_Assignment_
Copy out exactly the stretch of the listing below that begins at the line containing "The estimating equation" and ends at the line containing "So in short, you", and copy nothing outside it.

Records shown below:

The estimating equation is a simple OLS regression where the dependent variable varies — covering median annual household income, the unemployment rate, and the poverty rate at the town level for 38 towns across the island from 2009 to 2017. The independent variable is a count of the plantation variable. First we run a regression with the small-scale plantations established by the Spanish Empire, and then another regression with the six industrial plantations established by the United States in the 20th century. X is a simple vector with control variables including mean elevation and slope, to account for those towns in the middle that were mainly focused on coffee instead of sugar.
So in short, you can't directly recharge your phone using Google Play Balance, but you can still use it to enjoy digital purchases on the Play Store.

End of Records shown.
Records shown below:

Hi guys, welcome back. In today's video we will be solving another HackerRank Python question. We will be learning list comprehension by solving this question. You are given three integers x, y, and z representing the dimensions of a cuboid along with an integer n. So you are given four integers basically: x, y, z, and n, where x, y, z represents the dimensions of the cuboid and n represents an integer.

End of Records shown.
Records shown below:

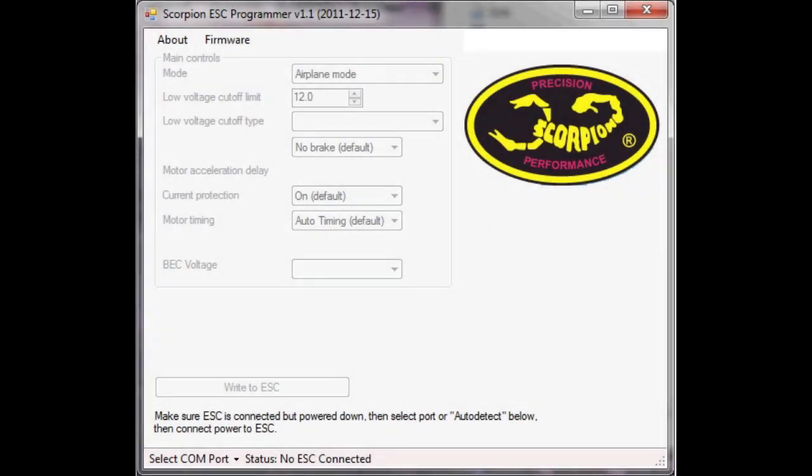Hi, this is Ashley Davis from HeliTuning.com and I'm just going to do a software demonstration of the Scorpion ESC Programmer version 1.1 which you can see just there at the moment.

End of Records shown.

_Response_
The estimating equation is a simple OLS regression where the dependent variable varies — covering median annual household income, the unemployment rate, and the poverty rate at the town level for 38 towns across the island from 2009 to 2017. The independent variable is a count of the plantation variable. First we run a regression with the small-scale plantations established by the Spanish Empire, and then another regression with the six industrial plantations established by the United States in the 20th century. X is a simple vector with control variables including mean elevation and slope, to account for those towns in the middle that were mainly focused on coffee instead of sugar.
So in short, you can't directly recharge your phone using Google Play Balance, but you can still use it to enjoy digital purchases on the Play Store.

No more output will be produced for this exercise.